Sure, he'd look strong and everything, but he wouldn't run with authority and you'd finally give up on him.  

And then there's the young quarterback you'd get in the first round who'd show flashes of brilliance, but then do something just flat-out dopey and he'd get hurt and leave and good freaking riddance.  

The problem, of course, is that the offensive line is pretty much crap day in and day out, and how much would it suck to root for a team like that?   You know there's no chance of sustained success, but what are your f**king options?

And the front office turmoil, don't get me started.  You'd have the defensive guy who says the right things but the team quits on him, and who can blame them?  

They suck!  How hard would it be to play for a consistent loser like that?  

So to get credibility, you hire the large African-American guy with the great track record, and although you certainly appreciate the effort and the smarts, he just isn't given much to work with.  Jury's still out on that one.  You hope he can turn it around, though.

Except he's working with a starting quarterback who won a Super Bowl, sure, like at the turn of the freaking century.  

He got bounced from his last job due to a combination of injuries and just being freaking pathetic: he was available for a reason, you know.   He sure makes some weird decisions, though.  And gets hit a lot.  That's encouraging.

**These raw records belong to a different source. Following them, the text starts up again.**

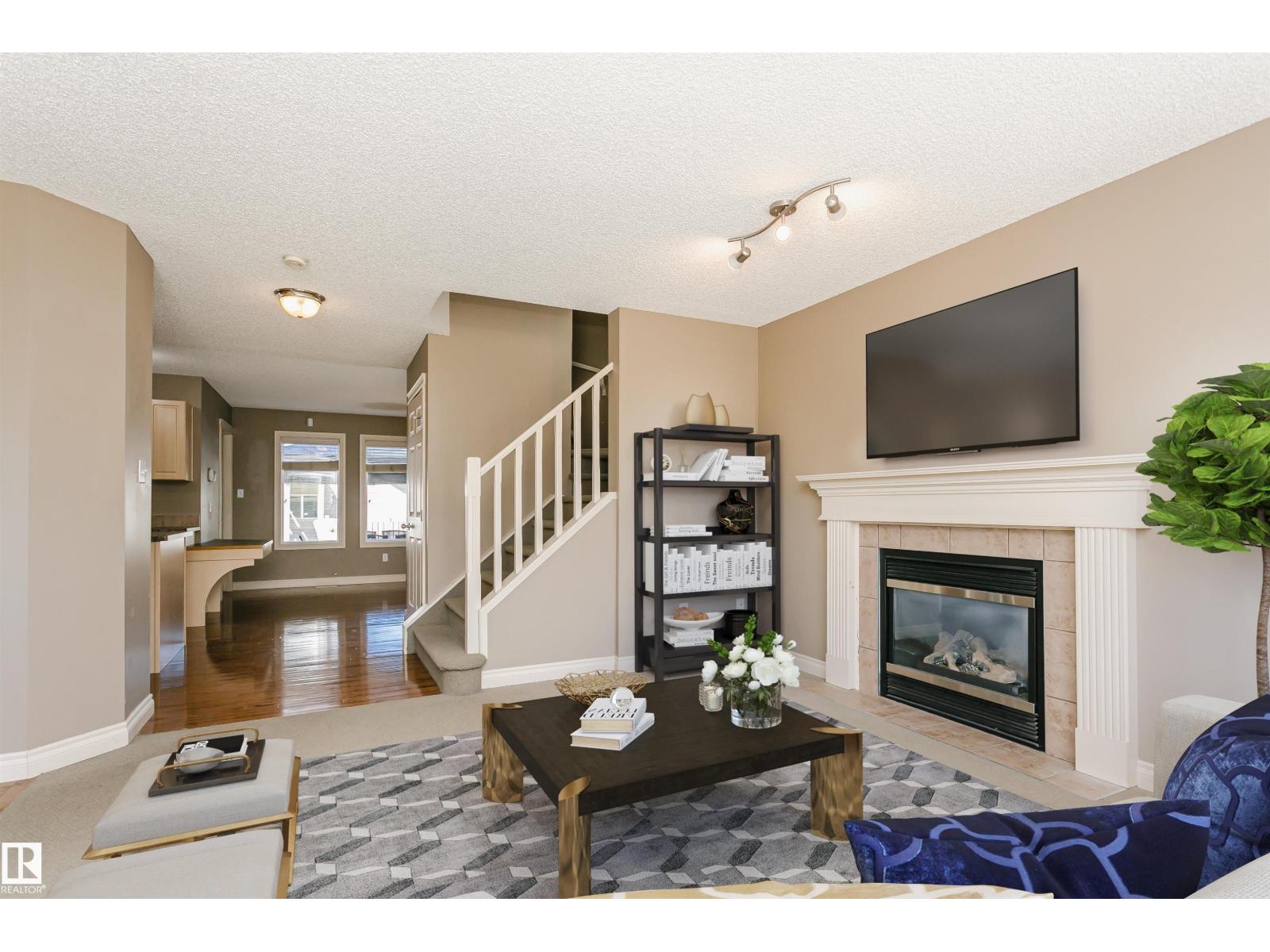 6 SUMMERTON LD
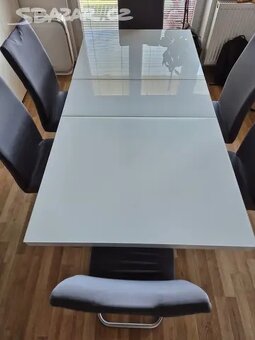 Bílý rozkládací skleněný jídelní stůl - 3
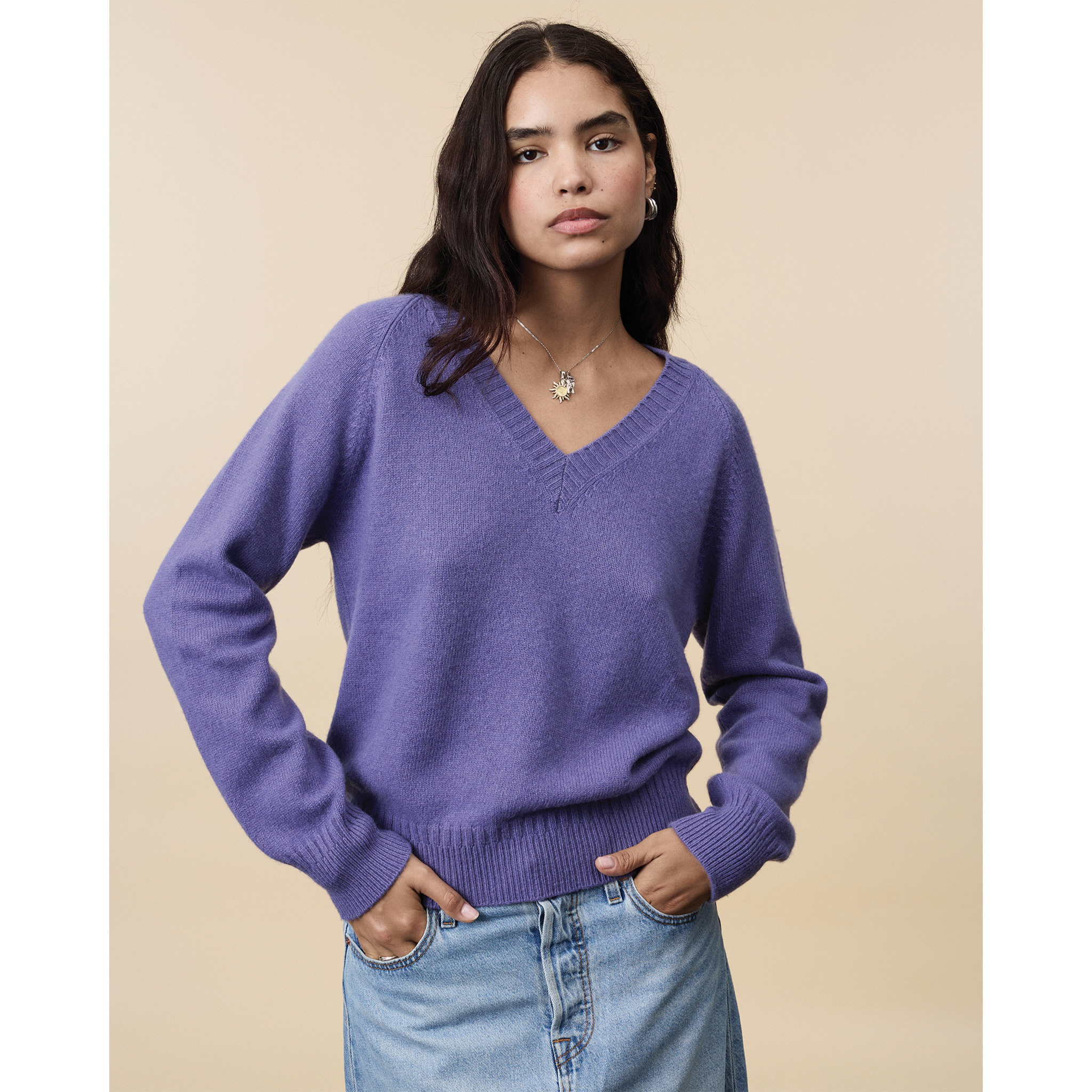 Women's purple cashmere V-neck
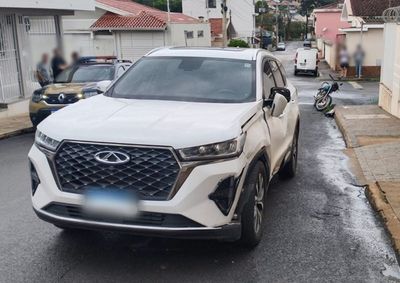 Motociclista foi encaminhado para atendimento m&eacute;dico com suspeita de uma les&atilde;o no bra&ccedil;o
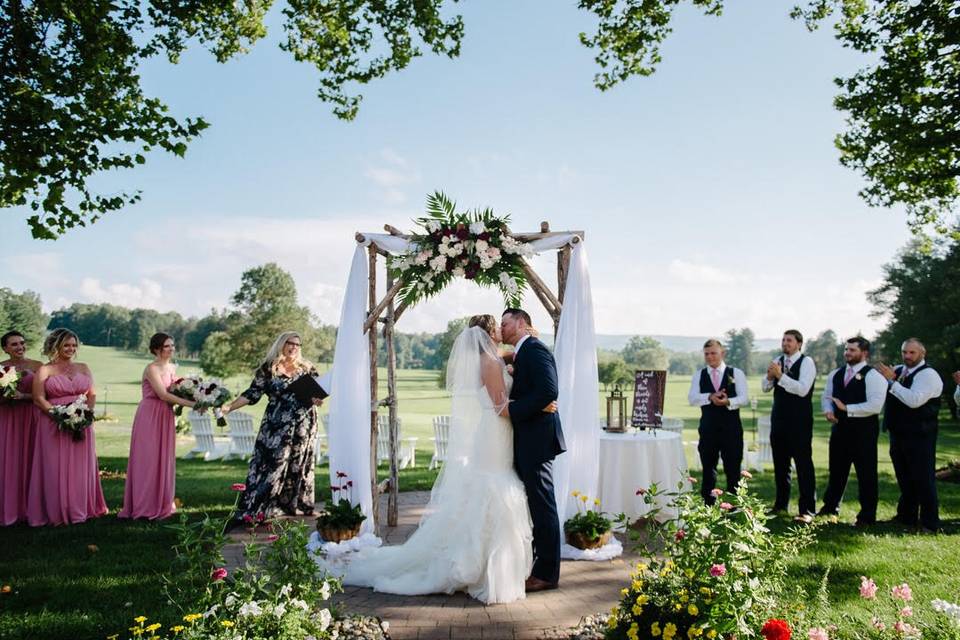 Officiant Julie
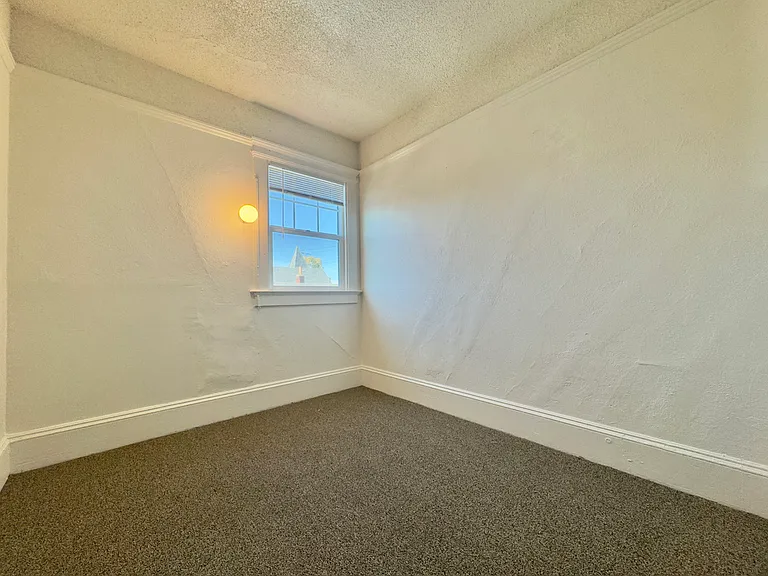 3647 West St — Photo 39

Of course, you had a guy, the last guy to take you to the playoffs, kinda erratic, but it's not like he was devoid of talent.  

I mean, after he left, he took a team with the iconic coach and the great running game all the way to the conference champeenship game.   Sure, he lost, we all knew he'd lose, he's not that good, but it's more success than the Cardinals have had any time recently.

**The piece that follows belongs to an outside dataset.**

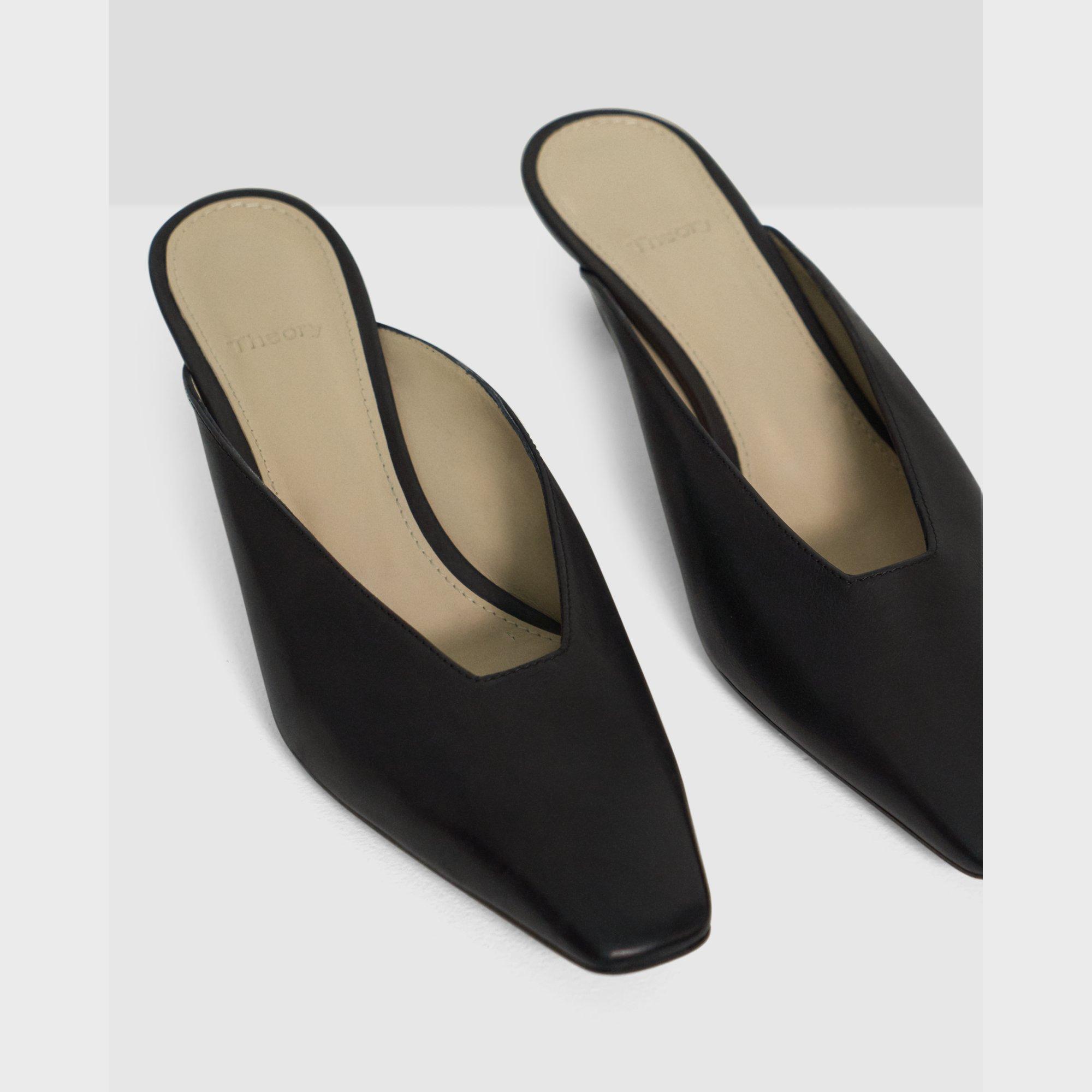 Soft Square Toe Mule in Leather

And hell, it gets worse: the goddam biggest rival is that fXXXXng team riding the coattails of their old seventies glory  with the Hall of Fame quarterback and the Hall of Fame coach who never showed any fXXXXng emotion.

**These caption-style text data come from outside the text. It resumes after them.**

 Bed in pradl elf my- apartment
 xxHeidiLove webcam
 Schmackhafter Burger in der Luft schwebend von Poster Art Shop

You would make more fun of them except them they came back and won another Super Bowl with the big goofy All-Pro quarterback and that damned wide receiver who was always smiling.  

You knew, I mean you KNEW that guy was going to get the ball on third and medium-long, and sure enough, they threw it too him and he got the goddamn first down.  


And then they had the running back who people thought wouldn't ever be that great, I mean, he didn't have the physical measurables and wasn't that fast and all of a sudden you look up at the end of his career and he's passed Jim Brown and a bunch of guys and he's in the top five in all-time rushing because he's freaking hard to tackle and everybody loves him because he's cute and cuddly and makes me freaking barf.   And the worst part is, every time they come here to my stadium to play, the crowd is ****ing half full of bandwagonning fans cheering for them instead of us!   Man, that would suck.

And we have the most classic uniforms in NFL history, and they decide to screw them up. Man, only the Cardinals would mess up something as classic as that.

Of course, it goes without saying that the Cardinals have never gone to the Super Bowl.  How pathetic do you have to be to have NEVER gone to the Super Bowl?   Philadelphia went to the Super Bowl.  Carolina went to the Super Bowl!  Tampa Bay, TAMPA F***ING BAY, WON the Super Bowl!   Man, that would suck.  I couldn't even watch that crap.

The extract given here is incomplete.